Now, that internationally beloved novel has been transformed into six hour-long episodes of some of the most creative and ambitious television ever made. Written and show-run by Neil Gaiman and directed by Douglas Mackinnon, this BBC Studios creation brings Good Omens spectacularly to life, through a cast that includes David Tennant, Michael Sheen,Jon Hamm, Miranda Richardson, Josie Lawrence, Derek Jacobi, Nick Offerman, Jack Whitehall and Adria Arjona.

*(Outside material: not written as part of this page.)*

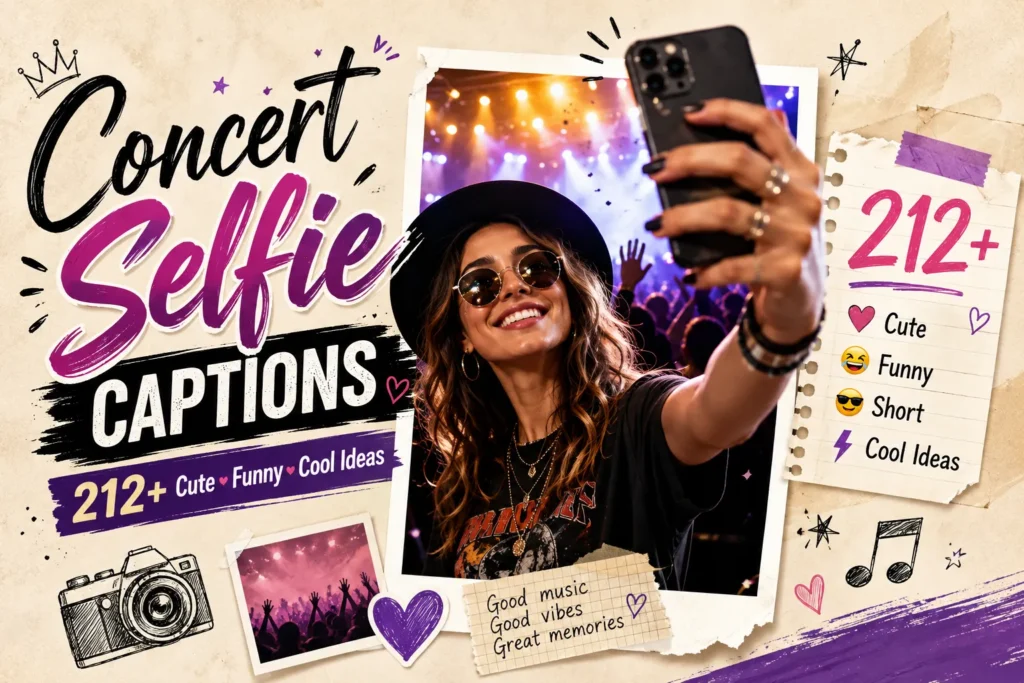 Concert Selfie Captions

If reading the source novel wasn’t enough.  If watching the six-part TV series wasn’t enough.  If you have even read Neil Gaiman’s script book and you are still hungry for more Good Omens “stuff”, then fear not, Good Omens fans, because here you have “Everything You Ever Wanted to Know about the Making of the Good Omens TV Series, But Were Afraid to Ask”, and also an opportunity to drool over many behind the scenes photographs in a door-stopper of a book assembled by author Matt Wyman.  Given the heavy involvement of Neil Gaiman in adapting the book he co-wrote with the late Sir Terry Pratchett, for the small screen, and the great cast playing the characters then this is practically a book that can write itself considering all the candid behind-the-scenes photos that interrupt the text throughout.

What we have here is a book of two halves, but not in two distinct sections. What that means is that one half is devoted to the TV show - its origins as a novel and time spent in development hell, which seems to be worse than actual Hell, right through the major events and locations in the TV series such as banishment from the Garden of Eden , Hogback Wood, a certain bookshop belonging to an angel the powers at be think has “gone native”, details about costumes and set designs, character sketches, etc, etc; while the other half is interspersed between these chapters with a series of interviews starting with Michael Sheen who plays the angel, Aziraphele; David Tennent who plays the demon, Crowley, right through the major characters in the story to the Four Horsemen of the Apocalypse (these days Pestilence has been replaced by Pollution and Famine delights in running high class restaurants where meals cost an arm and a leg but the food is all froth and foam and his patrons are starving themselves to death by eating there); and last, but not least, The International Express Man who has the very important task of delivering the Horsemen their essential “stuff”.

All in all, if you loved the book and the TV series, then your coffee table needs to be weighed down by this mighty, meaty tome.